In addition, as Lt. Cmdr. Kuebler noted ruefully, Col. Parrish “granted the prosecution’s request for a mental health evaluation by military doctors (with no special training in child psychology), ignoring defense claims that such an evaluation could set back months of rapport building by Omar’s defense team as part of efforts to get [Omar] to talk about his mistreatment and abuse at the hands of US authorities.” He added, as a further explanation of why this was a cynically counter-productive move, “Military mental health professionals have assisted in manipulating and exploiting Omar as a source of intelligence in the course of his detention by US authorities.”

Brig. Gen. HartmannCol. Parrish also refused to dismiss Brig. Gen. Hartmann (left) from the case, and rejected the defense’s claim of “unlawful influence” stemming from Col. Brownback’s removal, dismissing it as an “implausible conspiracy theory”, even though, as Lt. Cmdr. Kuebler explained, the Pentagon has “never adequately explained” the decision to “return Brownback to retired status in the middle of the Khadr case,” and has “issued contradictory and misleading explanations.” He added that just-released documents suggested that the decision was indeed political, as it “came within days of Brownback’s February decision to order a hearing on disclosure of evidence, thereby throwing off a previously scheduled May trial date.”

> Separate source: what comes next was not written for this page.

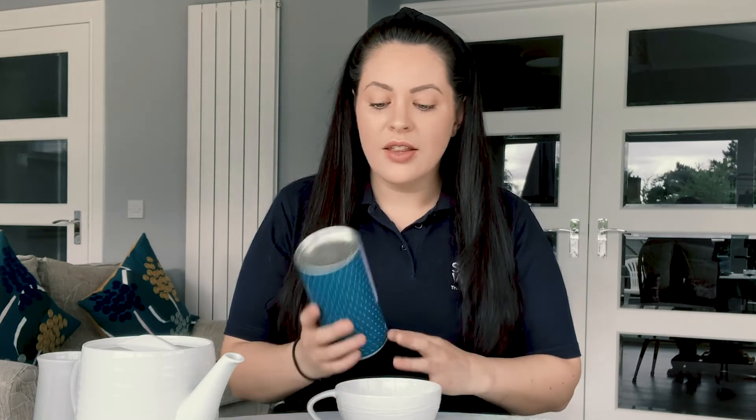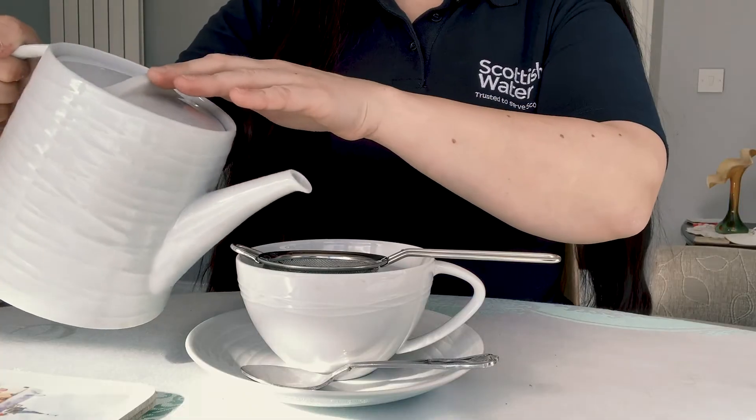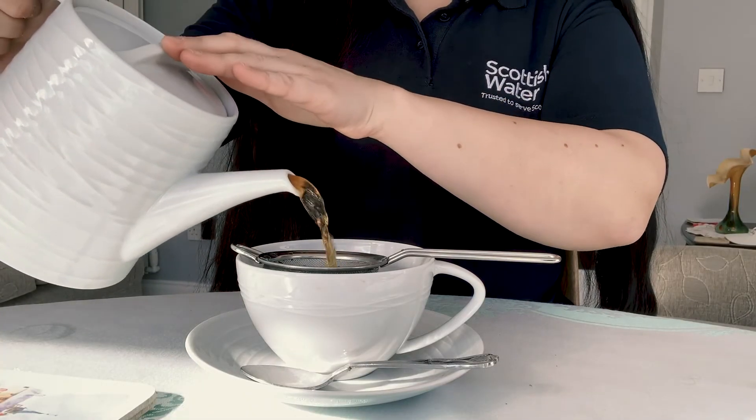I'm really happy that Eat-A-Kit have created a special blend for Scottish water. I sometimes think that Scottish water is the hidden service, because you don't think about what goes on behind the scenes before you turn on your tap. So to know that they've put some time and effort and thought into creating something that blends perfectly with Scottish Water's core product makes me really, really happy.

Omar’s pre-trial hearing was, therefore, a setback for the defense in almost all respects, with Col. Parrish’s decisions, for the most part, reinforcing suspicions that the unruly Col. Brownback (who, with Capt. Keith Allred, Salim Hamdan’s judge, had temporarily derailed the entire Commission process last June), was removed to make way for a judge who would be less critical of the prosecutors. His only moment of independence came when he criticized the prosecution for a long delay in handing over a report to the defense team, which, it must be said, is so frequent a complaint that it seems to be deliberate policy on the part of the government. Setting them a deadline, he stated that the process should “move faster than glaciers.”

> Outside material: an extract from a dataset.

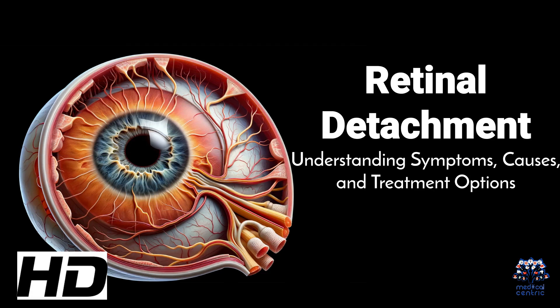Today's medical-centric topic is Retinal Detachment: Understanding Symptoms, Causes, and Treatment Options.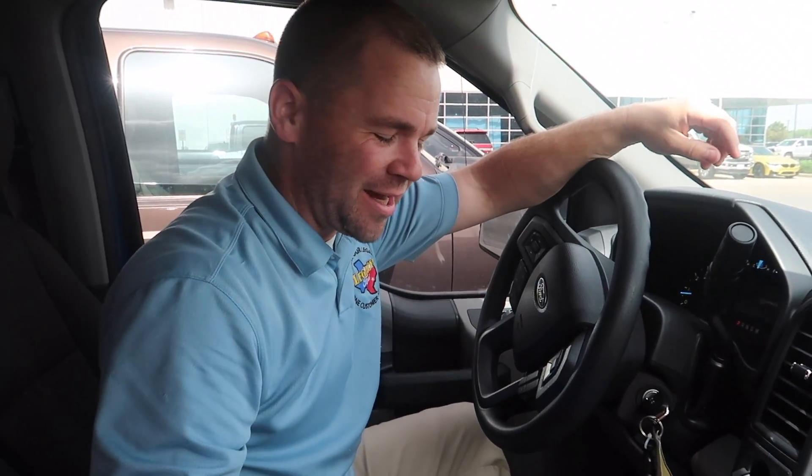Hey everyone, Joe here at Legacy. I got another video for you — it's a quick little hack. Most of the videos that we do are reactionary, meaning that we've encountered a customer that's had an issue.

Hartmann slammed in Mohammed Jawad’s hearing

Although Brig. Gen. Hartmann escaped exclusion from Omar’s case, he was not so lucky in another courtroom in Guantánamo. On the same day that Omar’s pre-trial hearing began, Mohammed Jawad, the Afghan teenager accused of throwing a grenade that wounded two US soldiers and an Afghan interpreter, was also in court, for another pre-trial hearing in which a new witness, Brig. Gen. Gregory Zanetti, the deputy commander of Guantánamo’s Joint Task Force, accomplished what Col. Davis had failed to achieve a second time around.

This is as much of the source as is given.